The issue was joined, and it appeared in evidence on the trial that the note in question was discounted for the Planters' Bank by the Bank of the United States, and, after deducting for the time the note was to run a sum equal to the rate of six percent per annum, the residue was carried to the credit of the Planters' Bank, which was at that time indebted to the Bank of the United States in a large sum of money. The counsel for the defendant below moved the court to instruct the jury upon this evidence
"that the receiving the transfer of the said promissory note, and the payment of the amount in account, as stated in the evidence, was a dealing in notes, and such dealing was contrary to the provisions of the act incorporating the said bank."
The court refused to give the instruction prayed for, but did instruct the jury "that the acceptance of an endorsed note in payment of a debt due is not a trading in things prohibited by the act."
The court also instructed the jury that the discount taken by the Bank of the United States was not usurious and would not defeat their right to recover the amount of the note.
It also appeared in evidence that the board of directors of the Planters' Bank, on 21 of October, 1818, passed a resolution
"That the president and cashier be authorized to adopt the
most effectual measures to liquidate, the soonest possible, the balance due to the office of discount and deposit in this city [New Orleans], as well as all others presently due and which may in the future become due to any banks of the city."

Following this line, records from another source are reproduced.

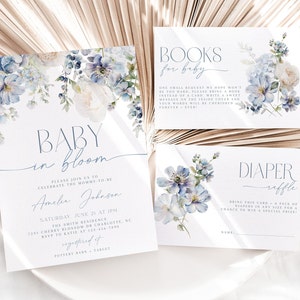 Baby in Bloom Baby Shower Invitation Bundle, Dusty Blue Watercolor Floral Baby Shower Invite Set, Boy Baby Shower Invitation, CLP67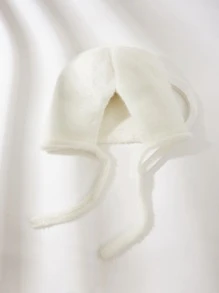 1 Miếng Của phụ nữ Mới Màu thuần Sang trọng Bịt tai Mũ Với Trái tai Cho mùa đông , Mặc hàng ngày Giải trí - trắng - Xem 4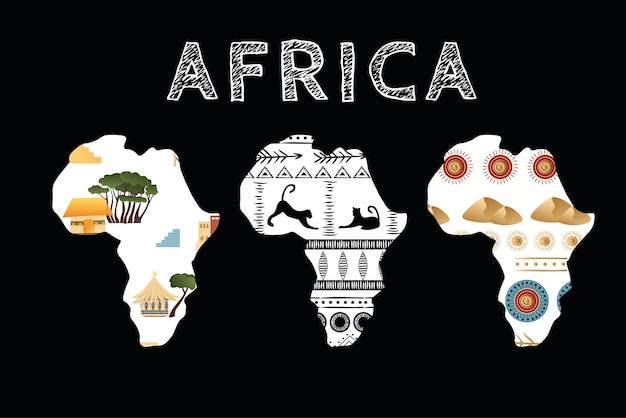 Continent Afrique Avec Ensemble D'illustrations Vectorielles De Motifs éléments Pour Illustration Vectorielle De Conception Logo De Concept De Culture Africaine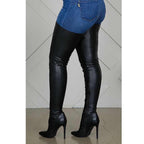 R&B | Damen Über Kniefallstiefel Spitz Schuh Hoher Stiletto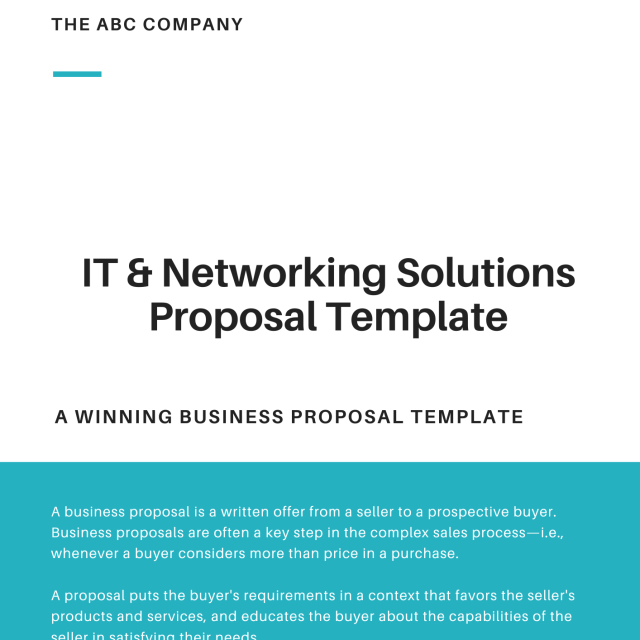 IT & Networking Solutions Proposal Template
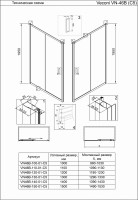 Душевая дверь Veconi Vianno VN-46B, 1150x1950, черный, стекло прозрачное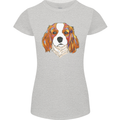 A Colourful King Charles Spaniel Dog Womens Petite Cut T-Shirt Sports Grey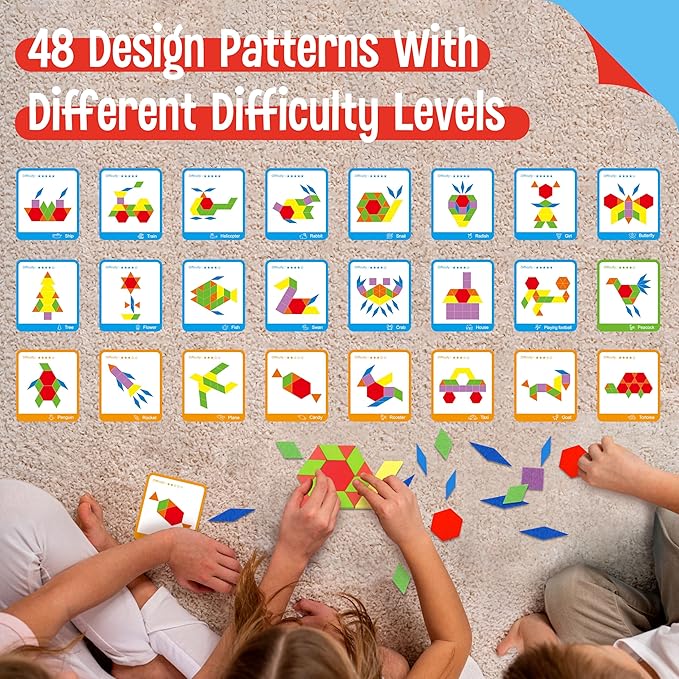 215 PCS Wooden Pattern Blocks Set, 24 Double-Sided Design Cards Pattern Building Shapes Educational Geometric Shape Puzzle Fun Tangram Montessori Learning Toys for Kids Ages 4-8 (A Storage Bag)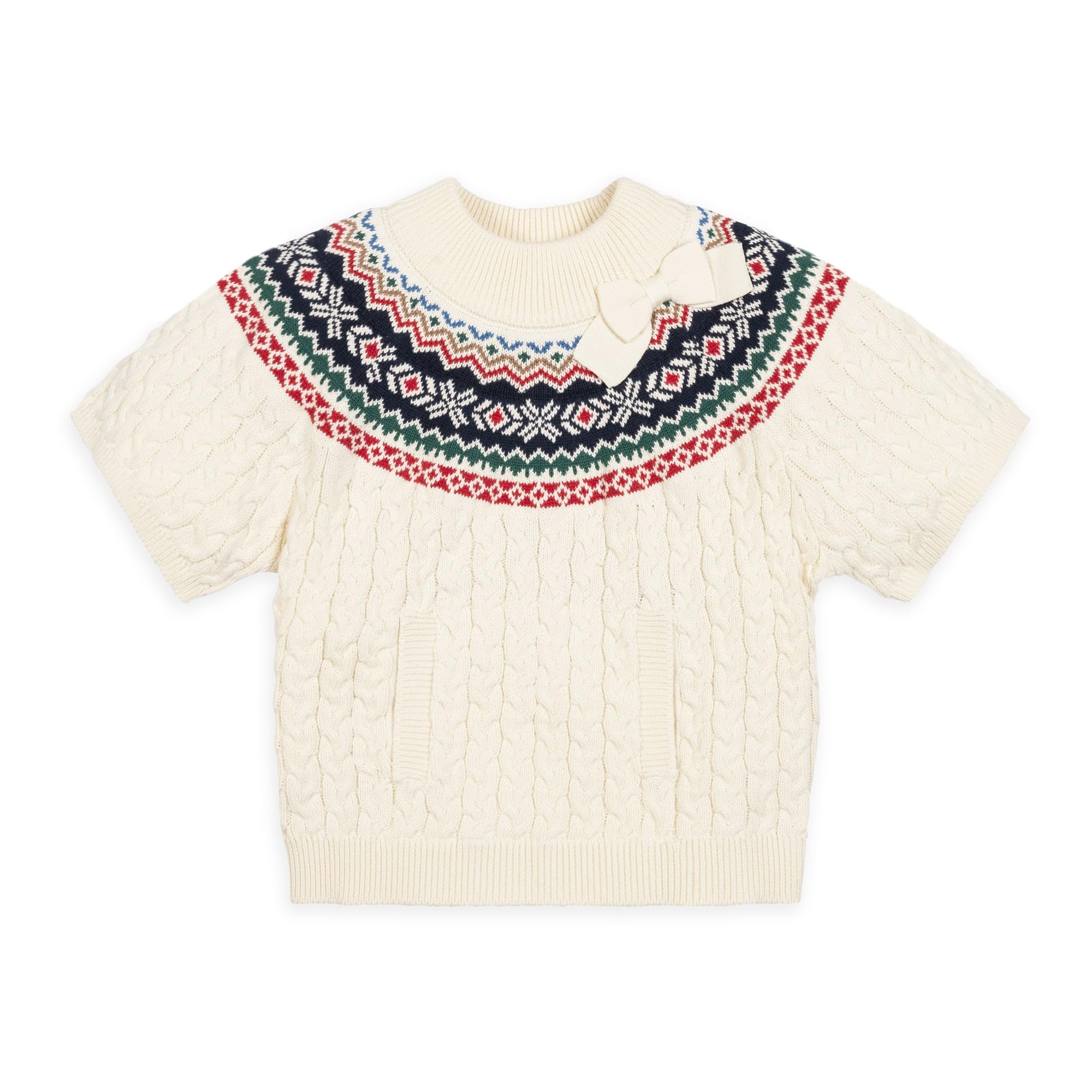 Hope &amp; Henry Girls Cable Front Pullover Sweater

The endorsement of the note was made to the Bank of the United States on 5 September, 1819, and before the commencement of the present suit, to-wit, on 27 June, 1820, the board of directors of the Planters' Bank passed another resolution, to which the corporate seal was annexed, declaring that the two notes of the defendant below (of which the note now in question was one)
"were endorsed by the late cashier of the Planters' Bank, by authority of the president and directors, and delivered to the office of discount and deposit of the Bank of the United States, and the amount passed to the credit of the Planters' Bank,"

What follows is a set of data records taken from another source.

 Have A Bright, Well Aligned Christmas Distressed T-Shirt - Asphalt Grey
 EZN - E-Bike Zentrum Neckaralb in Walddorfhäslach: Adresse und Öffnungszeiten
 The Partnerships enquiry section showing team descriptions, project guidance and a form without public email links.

"the said board of directors do hereby ratify and confirm the said act of their said cashier as the act of the president, directors, and company of the Planters' Bank."
Upon this evidence, the court instructed the jury that the cashier had authority to endorse the note and that his endorsement operated a valid transfer.
It further appeared in evidence that the said note was originally given as a part consideration for the purchase money of a plantation and slaves purchased by the defendant below of Nelder, with a covenant to warrant and defend. The contract of sale was drawn up, executed, and recorded before a notary according to the laws
and usages of the State of Louisiana. The notary, upon the giving of this note and other notes for the purchase money by the defendant below, wrote on each note the words "ne varietur." The court instructed the jury that the writing of these words did not affect the negotiability of the note.
The defendant below excepted to these several instructions, and the jury found a verdict for the plaintiffs, on which judgment was rendered by the court below, and the cause was brought by writ of error to this Court.